As an anti-elitist, Dewey believed that "the capacity of the wise few to discern the public interest tends to be distorted by their position." When we look at traditional journalism, which includes newspapers and magazines, there tends to be a ranking of people going from a lower responsibility level and thus lower privileges, such as a reporter, to a high level of responsibility and thus a higher level of privileges, such as the editor-in-chief. While those people in high positions of power in traditional journalism are in charge of making the decisions as to what is or is not important for everyone to read, Dewey believed that their opinions may be skewed based on their position not only in the publication, but as well as in society.
As journalism shifts away from newspapers, magazines, and other forms of traditional journalism, a more anti-elitist approach is being made to news reporting. Those stable power structures no longer exist to the extent that they do in traditional journalism. The definition of "journalist" itself is now being redefined as each person has the ability to become an author of their own work, as well as the editor who decides whether or not the work gets published. Dewey explains that a democracy is not just a form of government, and online journalism is showing that each individual person now has as much power as any other when it comes to distributing what they see as newsworthy information.
Further, Dewey believed that previously those in elitist positions were potentially unable to provide information to the general public who reads their publication that was relevant to the lives of the people actually interacting with it. The public that has access to publications now has a the ability to publish what they believe is important to the lives of the greater public.
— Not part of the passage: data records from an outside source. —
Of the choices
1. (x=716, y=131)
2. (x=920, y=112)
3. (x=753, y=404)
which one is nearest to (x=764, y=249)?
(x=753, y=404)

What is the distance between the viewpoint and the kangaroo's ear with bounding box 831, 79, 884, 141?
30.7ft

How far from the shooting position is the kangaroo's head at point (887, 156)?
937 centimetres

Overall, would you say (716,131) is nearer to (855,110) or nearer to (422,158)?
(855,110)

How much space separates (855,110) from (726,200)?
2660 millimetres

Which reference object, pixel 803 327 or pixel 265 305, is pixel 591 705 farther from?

Dewey believed that "individuality could be sustained only where social life was understood as an organism in which the well-being of each part was tied to the well-being of the whole." Individuals now have access to not only sustain their individuality as a person among the public, but make decisions that may be unrecognizable to those made by the elite in traditional journalism. The face of journalism itself is shifting to a place where each individual is made equal in the ability to publish what's important to them.